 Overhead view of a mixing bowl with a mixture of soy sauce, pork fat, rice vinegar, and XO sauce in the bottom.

-.-.-

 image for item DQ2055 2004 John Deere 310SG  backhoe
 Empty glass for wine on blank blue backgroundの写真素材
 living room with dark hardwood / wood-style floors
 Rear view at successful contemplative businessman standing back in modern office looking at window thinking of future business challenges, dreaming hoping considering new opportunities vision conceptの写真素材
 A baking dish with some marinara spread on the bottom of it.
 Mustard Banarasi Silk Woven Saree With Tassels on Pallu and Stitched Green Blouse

-.-.-

WHAT TO DO:
Within the listing above, the range opens at the line with "living room with" and closes at the line with "Mustard Banarasi Silk". Reproduce exactly the lines of that range, including both ends.

ANSWER SPACE:
 living room with dark hardwood / wood-style floors
 Rear view at successful contemplative businessman standing back in modern office looking at window thinking of future business challenges, dreaming hoping considering new opportunities vision conceptの写真素材
 A baking dish with some marinara spread on the bottom of it.
 Mustard Banarasi Silk Woven Saree With Tassels on Pallu and Stitched Green Blouse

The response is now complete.